Voters to decide pair of library millages
ALPENA – The voters in Alpena County have supported the Alpena County Library though millages for nearly 30 years. The tax money has helped to maintain the collection of books, programming and building maintenance. Besides the 0.75 renewal, on Tuesday the library will be requesting an additional request 0.25 millage that will supplement existing programs, as well as be used for building maintenance and future repairs the 40-year-old building will need.
The renewal, if passed, will be for 10 years, which has been the norm, but the new proposal is for only five. Library Director Eric Magness-Eubank said the library board considered many options before deciding on requesting a pair of millages. He said because property values are slow to rebound from the recession, tax rolls are lower and the amount of money collected from the millage has slipped.
In order to continue to provide the programming and service residents expect, the addition quarter mill was needed. Magness-Eubank said the decision for the additional millage request was a difficult one to make, but in the end it was determine it was needed.
“A straight renewal was actually a cut, because with the low property values and some people weren’t paying as much in taxes,” Magness-Eubank said. “The personal property tax is also going away and that will also lower our revenues. It wasn’t wasn’t going to keep the current level of programming and operations going, so we decided to go to a second request.”

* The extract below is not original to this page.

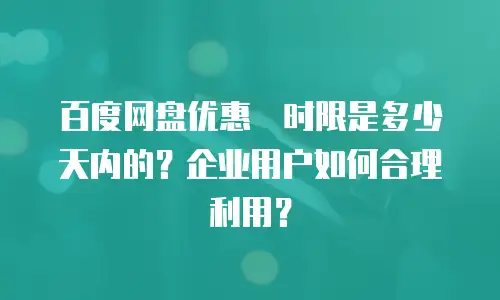 百度网盘优惠劵时限是多少天内的？企业用户如何合理利用？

Money from the second millage will be used to update several system at the library. Magness-Eubank said the heating and cooling system is old and ready for replacement and the roof will need to be redone. He said the last time the roof of the library was redone was about 20 years ago. He said work on the elevator also is needed because if it were to stop working, it would limit the elderly and handicapped from reaching the upstairs of the facility.
“The building is going to be 40 years old and like anything the more things age the more they break,” Magness-Eubank said. “Those three things are just the things we know about, so we have to plan on other things that could cost a lot of money. We don’t want to be chasing repairs. We want to stay ahead of things the best we can.”
If the millage requests are passed, the renewal will cost taxpayers 75 cents for each $1,000 of assessed value. It would generate an estimated $671,000 a year. The second request would add an addition 25 cents for each $1,000 of assessed value to the tax bill and collect about $211,000 annually.
Library board President Jan Melville said she is confident the voters will support the millage and complimented Magness-Eubank, the library’s users and user groups for the work they have done to educate the public on the need for the millages. She said if for some reason voters choose not to pass the requests, plans are in place for cuts to take place.
“We would cut the hours of operation and close earlier than we do now and probably close on Sundays,” Melville said. “If it gets to the point where programs have to be cut it would be devastating. There are people of all ages that use the library to do resumes, do homework, or just read and learn.
“We have a plan B in place and we would decide what services needed to go first. Then everything would be up for discussion, including going for another millage. I hope it don’t come to that. There are so many people that use this library for one thing or another and it would hurt the entire community if things were cut.”